[INPUT DATA]
↓↓↓

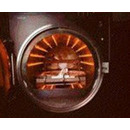 Aluminum Dip and Vacuum Brazing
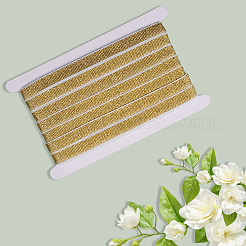 11м полиэстеровая эластичная лента&nbsp;DIY-GF0011-58A-01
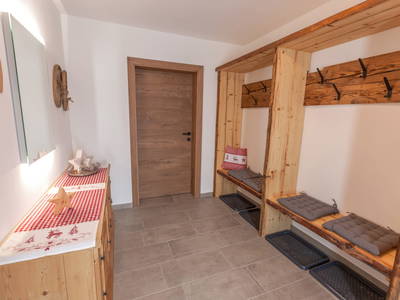 Bild 41 aus  Chalet Sepp am Maroldenhof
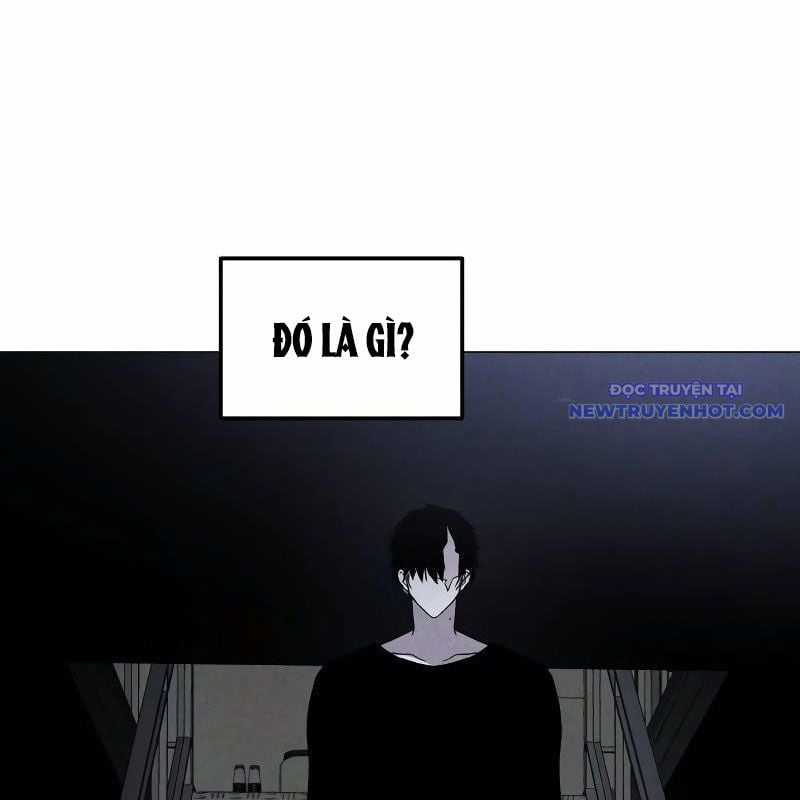 Cỗ Máy Dự Báo Sát Nhân Chapter 4 trang 24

↑↑↑

Reproduce the entire listing above precisely, but keep the images out.

 Aluminum Dip and Vacuum Brazing
 11м полиэстеровая эластичная лента&nbsp;DIY-GF0011-58A-01
 Bild 41 aus  Chalet Sepp am Maroldenhof
 Cỗ Máy Dự Báo Sát Nhân Chapter 4 trang 24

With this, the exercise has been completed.